- Location of Marikina within Metro Manila
- City: Marikina
- Region: Metro Manila
- Population: 424,610 (2007)
- Major settlements: Marikina

Former constituency
- Created: 1987
- Abolished: 2007

= Marikina's at-large congressional district =

Legislative district of the Philippines

Marikina's at-large congressional district was a congressional district for Marikina in the Philippines. It was represented in the House of Representatives from 1987 up to its division in 2007. The district was apportioned in 1987, pursuant to the constitution ratified that year, giving the city its own district after having been grouped with neighboring Pasig since 1984. The district was divided into two districts after an amendment to the city's charter was approved on December 15, 2006.

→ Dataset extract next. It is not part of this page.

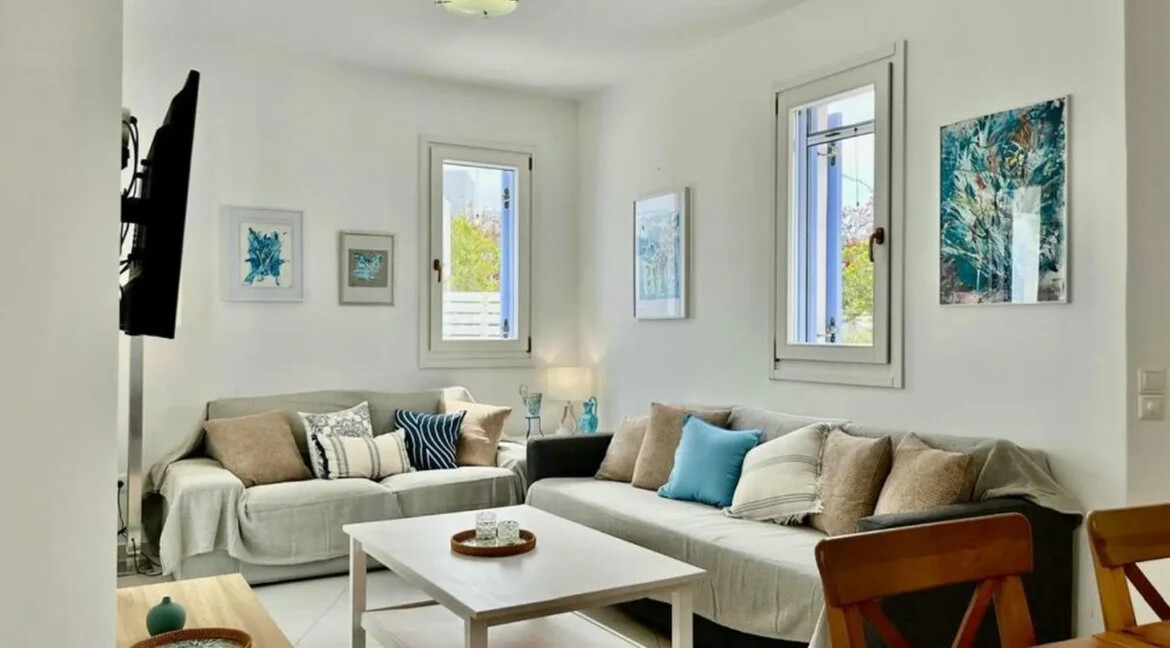 Villa for sale in Thira, Santorini 14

== Representation history ==

#: Member; Party; Tenure; Congress; Electoral history
Image: Name (Birth–Death); Start; End
District created February 2, 1987, from Pasig–Marikina district.
1: Democlito Angeles (born 1922); Liberal; June 30, 1987; June 30, 1992; 8th; Elected in 1987.
2: Romeo Candazo (1952–2013); Independent; June 30, 1992; June 30, 2001; 9th; Elected in 1992.
Liberal
Lakas; 10th; Re-elected in 1995.
Liberal; 11th; Re-elected in 1998.
3: Del de Guzman (born 1963); Lakas; June 30, 2001; June 30, 2007; 12th; Elected in 2001.
13th: Re-elected in 2004. Redistricted to the 2nd district.